Eigentlich hielt mich nichts vom Lesen und Filmegucken ab - im normalen Leben absoluter Luxus. Das Frühstück stand den ganzen Vormittag bereit. Ich konnte also meiner inneren Uhr folgen und noch nachts um ein Uhr anfangen, ein Buch zu lesen oder um drei Uhr den Fernseher anschalten. Das Wetter ließ mit seinem horizontalen Dauerregen sowieso weder Sport noch Spaziergänge zu. Zwangsfaulenzen war angesagt. Also habe ich für zwei Stunden die Hotelsauna für mich reservieren lassen. Luxus!

War es Sehnsucht – oder doch eine Flucht?

Aber war es das, was ich gesucht hatte? Hieß Lesen und Filmegucken zur Ruhe zu kommen, „ankommen“? War es die Sehnsucht nach etwas oder vielmehr eine Flucht? Und wenn ja, wovor?

Ich konnte es in dieser kurzen Zeit nicht herausfinden, konnte nur erahnen, was ich hier machte. Zum Beispiel, mich in Ruhe mit diesen Fragen zu beschäftigen. Begleitet von Laptop, Smartphone, Büchern. Ich wollte nicht abgeschnitten sein, wollte meine Mails lesen, notfalls für meine Kinder erreichbar sein und wissen, was in der Welt so passiert. Ich wollte selbst bestimmen, was Rückzug für mich bedeutet. Wollte mich nicht Regeln unterordnen wie „keine Handys“, „kein WLAN“ oder „keine negativen Gefühle“. Und ich wollte, dass ich allein die Entscheidungen treffe.

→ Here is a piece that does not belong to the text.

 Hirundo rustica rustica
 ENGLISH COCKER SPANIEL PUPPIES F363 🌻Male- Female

Und nicht im Restaurant sitzen mit einem Gesicht, das behauptet: „Ich sitze hier, weil ich allein sein will, und es geht mir super damit!“ Ich will, dass es mir egal ist, was andere tun, denken oder sagen. Ein „Du fährst weg? Ganz allein? Wow!“ einfach stehen lassen. Das ist mein Ziel, allerdings keines für das neue Jahr, sondern eher eines für das ganze Leben. Und es gefällt mir.

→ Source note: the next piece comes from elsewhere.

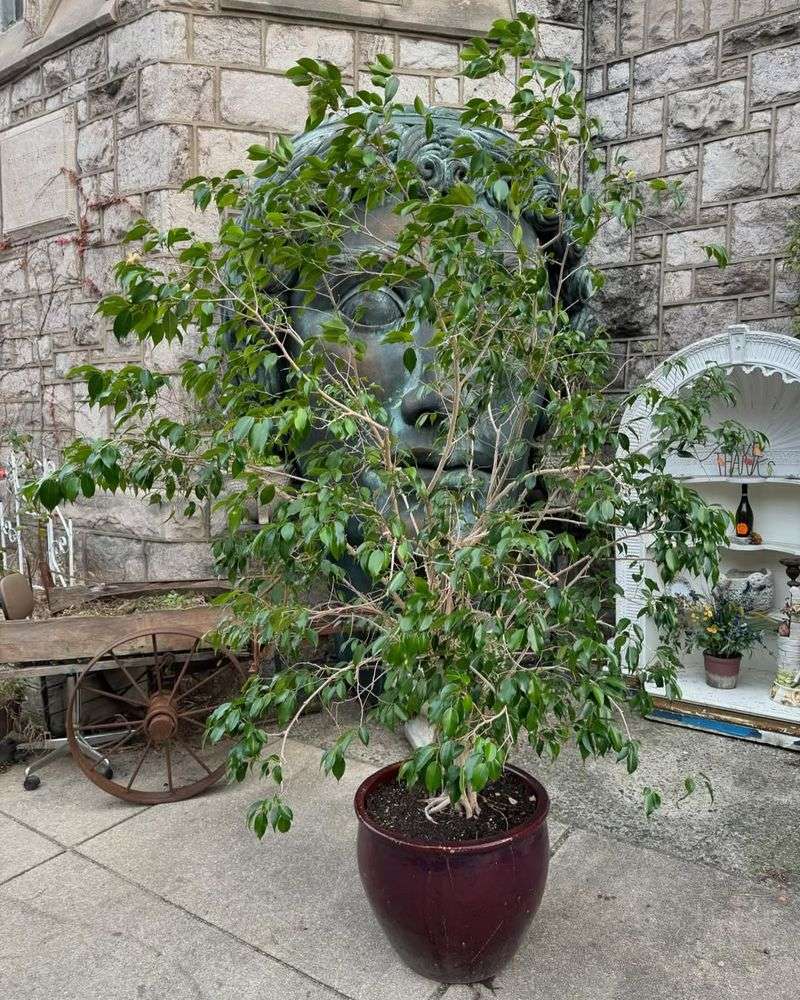 Ficus Benjamina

Bei der Rückfahrt am Neujahrsmorgen fuhr ich auf der Fähre der Sonne entgegen. Das Wetter war stürmisch, das Meer aufgewühlt und am Festland angekommen sah ich Scharen von Zugvögeln, die auf ihrem langen Weg an Land zwischengelandet waren, um Kraft zu schöpfen. Wir haben etwas gemeinsam, dachte ich. Wir haben ein Ziel und eine Pause eingelegt. Mit diesem Gedanken kehrte ich zurück in die Stadt und freute mich auf mein Zuhause und meine nächste Auszeit – allein.